Очень выразителен в этом смысле и протест Станиславского-актера против режиссуры в роли Брута в спектакле Вл. И. Немировича-Данченко «Юлий Цезарь» (1903). Огромная дистанция отделяла спектакль Художественного театра от знаменитой и программной постановки мейнингенцев (1874), впервые выдвинувших перед искусством сцены проблему историзма вообще и проблему археологической достоверности деталей в частности. Искусство знаменитой немецкой труппы неоднократно привлекало к себе внимание театроведов. И все же по сей день нельзя считать эту страницу истории театральной режиссуры до конца расшифрованной. Вопрос о поэтике мейнингенцев и их концепции истории вообще-то выходит за рамки данной статьи.

Тем не менее, говорить о реформе сценического пространства на рубеже двух столетий и вовсе обойти молчанием две знаменательные постановки «Юлия Цезаря» – на мейнингенской сцене и на сцене МХТ — невозможно. И, в частности, по той причине, что, хотя московский спектакль эстетически и концепционно отличался от мейнингенского, тем не менее он во многих отношениях сохранял связи с постановкой герцога Георга II.

К слову сказать, поныне еще недостаточно глубоко выяснены важнейшие последствия, которые обозначились в русском театре в результате гастролей мейнингенской труппы. Мейнингенцы впервые побывали в России в 1885 г., во второй раз – в 1890 г. Анализируя спектакли, показанные труппой герцога Георга II во время вторых ее гастролей, Алексей Н. Веселовский писал, что после первого приезда мейнингенцев, то есть за прошедшие пять лет, в русском театре «многое изменилось. То, что казалось слишком необычным и спорным, усвоено и считается вполне естественным; постановка на лучших русских сценах значительно ушла вперед, народные и боевые картины стали ее украшением, ансамбль, считавшийся достоянием лишь избранных групп, становится нормальным условием истинно художественной игры, и значение каждой отдельной личности, как бы скромно ни была она поставлена, поднялось во имя про­возглашенного мейнингенцами демократического принципа игры сообща»[xiii].

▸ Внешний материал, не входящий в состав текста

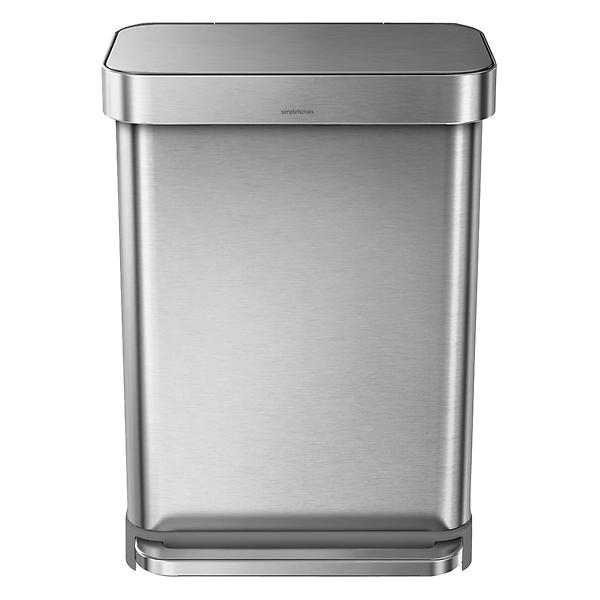 Simplehuman Stainless Steel 14.5 Gal. Rectangular Trash Can With Liner Pocket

Мы должны, конечно, учесть, что самое понятие ансамбля у Алексея Веселовского звучит несколько иначе, не так, как оно интерпретировалось позднее, в Московском Художественном театре. Но совершенно необходимо заметить и другое: прямое указание Алексея Веселовского на большие перемены, которые произошли в русском театре под воздействием мейнингенцев в период с 1885 по 1890 г., т. е. за восемь лет до открытия МХТ.

Стоит перечислить основные структурные принципы построения спектакля, которыми руководствовалась труппа Георга II. Прежде всего мейнингенцы провозглашали и утверждали очень резко — даже ценой приглушения актерских индивидуальностей – принцип целостности сценического зрелища. С догматической твердостью создавалась живописная по­движность композиции. Со сцены неумолимо изгонялись симметрия и статика, – выразительными признавались только динамичные, а динамичными – только асимметричные построения. Актер никогда не должен был находиться в центре сцены. Но всегда – немного справа или слева от центра, фронтальные, выстроенные параллельно линии рампы композиции или даже движения не допускались, равно как не допускалось л расположение отдельных актерских фигур в фас к зрительному залу.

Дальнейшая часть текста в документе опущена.